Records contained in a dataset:
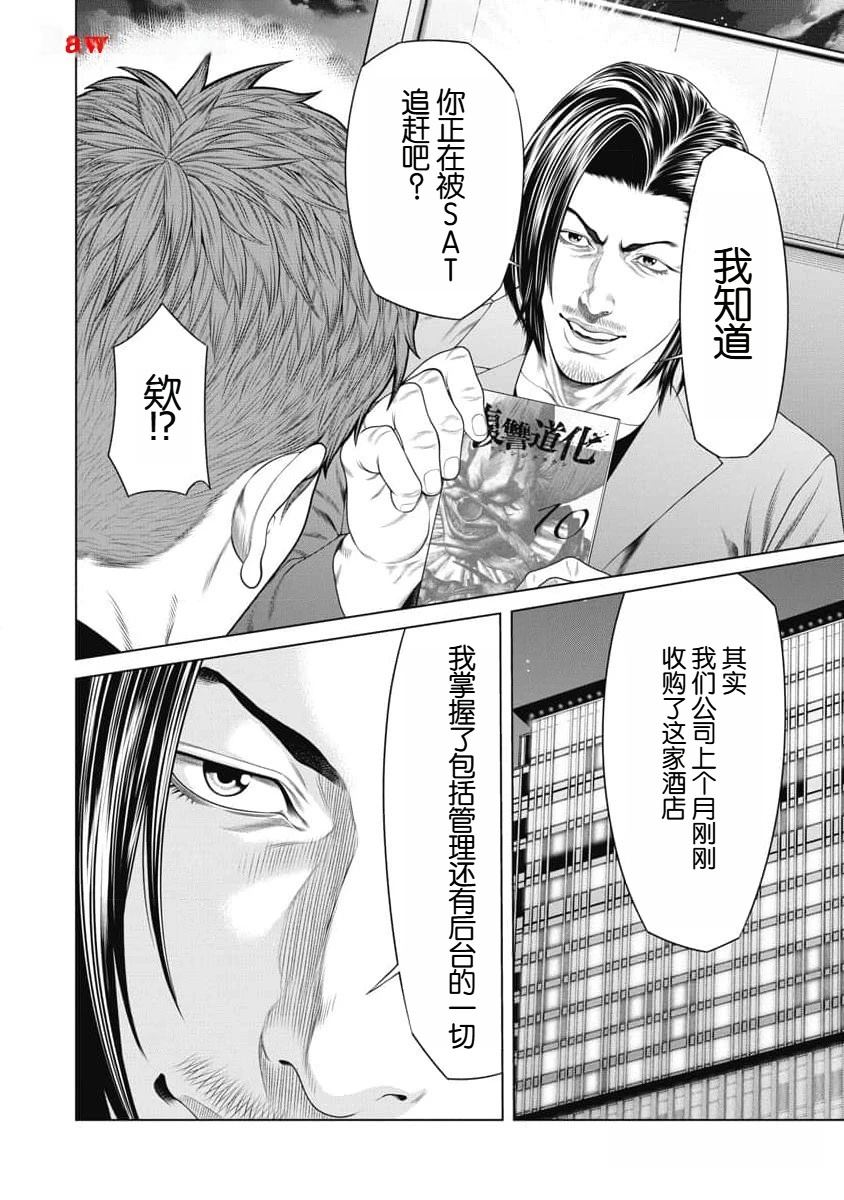《复仇小丑》第46话 第4页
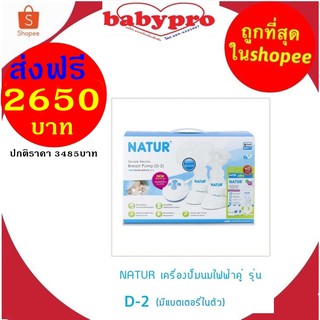 เครื่องปั๊มนมไฟฟ้า Natur D2 มีแบตเตอรี่ในตัว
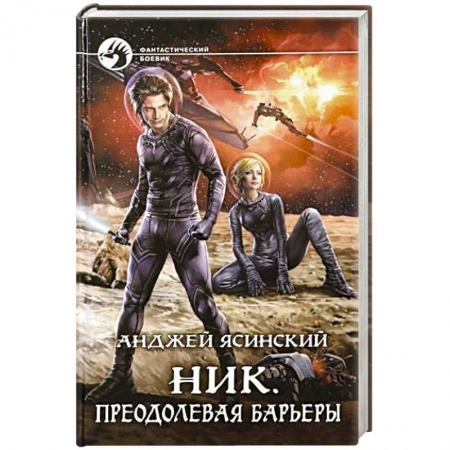 Фантастика, фэнтези, книга Ник. Преодолевая барьеры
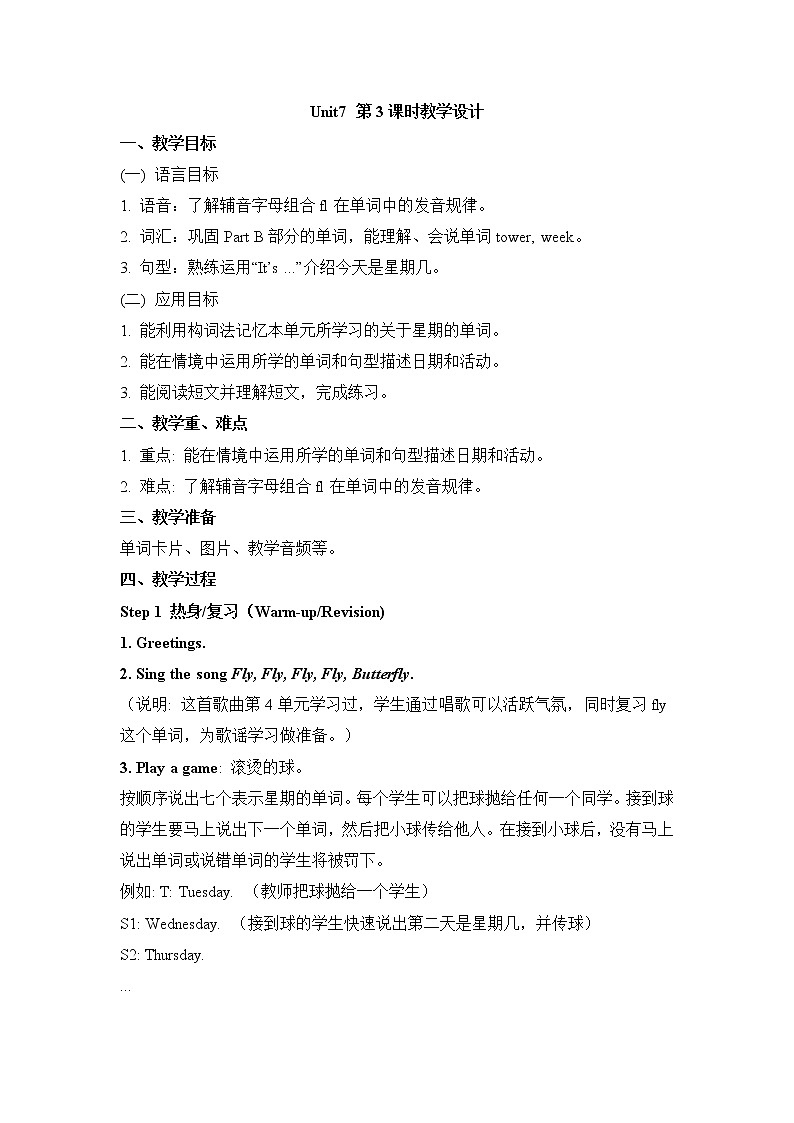 湘少版英语四下 Unit7 精品教案（3课时）01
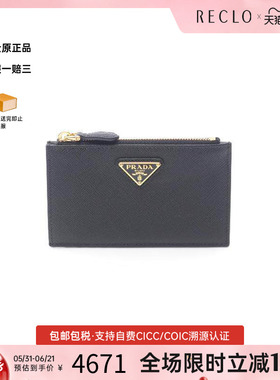 中古Prada普拉达女S级99新card case卡包牛皮卡包黑色正品休闲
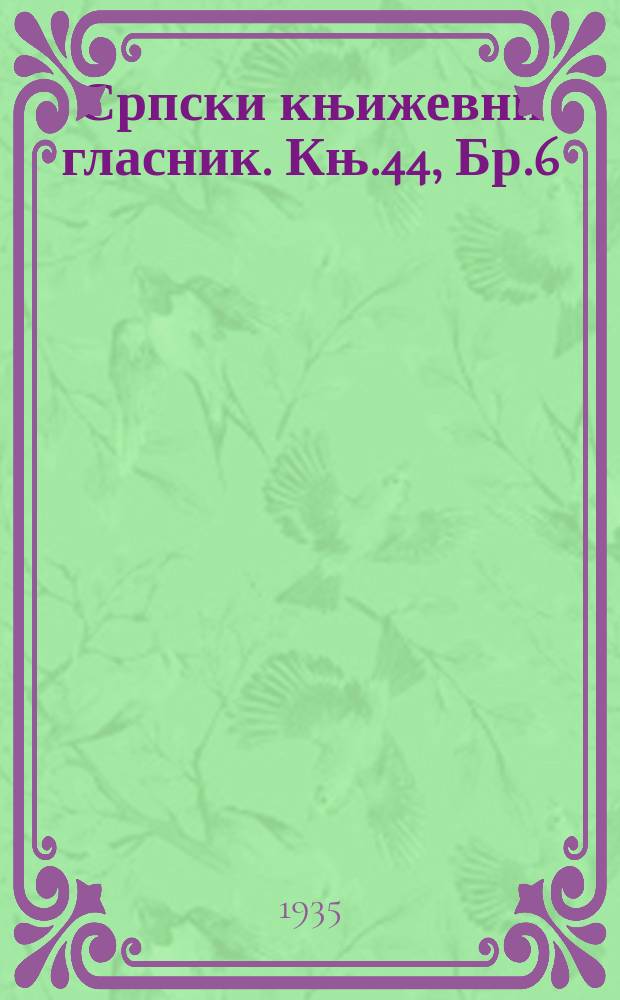 Српски књижевни гласник. Књ.44, Бр.6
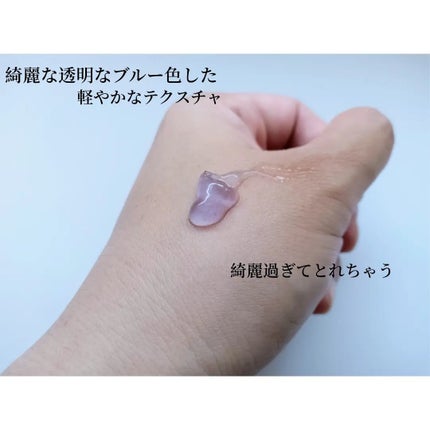 ディファレンシー スージングクリーム/piCore/フェイスクリームを使ったクチコミ(3枚目)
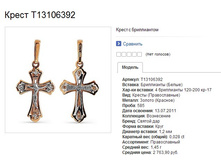 Snap_2013.07.16 21.14.01_028.jpg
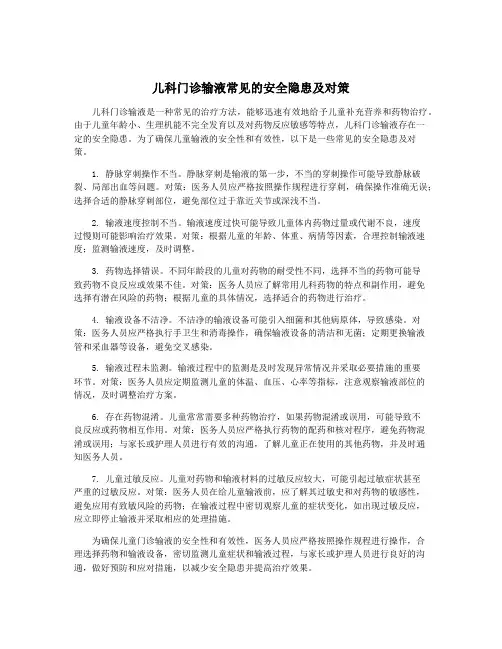 儿科门诊输液常见的安全隐患及对策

_WORK INSTRUCTIONS_. Write every entry out again exactly, dropping the pictures.

_YOUR SOLUTION_.
《复仇小丑》第46话 第4页
 เครื่องปั๊มนมไฟฟ้า Natur D2 มีแบตเตอรี่ในตัว
 Фантастика, фэнтези, книга Ник. Преодолевая барьеры
 湘少版英语四下 Unit7 精品教案（3课时）01
 中古Prada普拉达女S级99新card case卡包牛皮卡包黑色正品休闲
 Српски књижевни гласник. Књ.44, Бр.6
 ディファレンシー スージングクリーム/piCore/フェイスクリームを使ったクチコミ(3枚目)
 Snap_2013.07.16 21.14.01_028.jpg
 儿科门诊输液常见的安全隐患及对策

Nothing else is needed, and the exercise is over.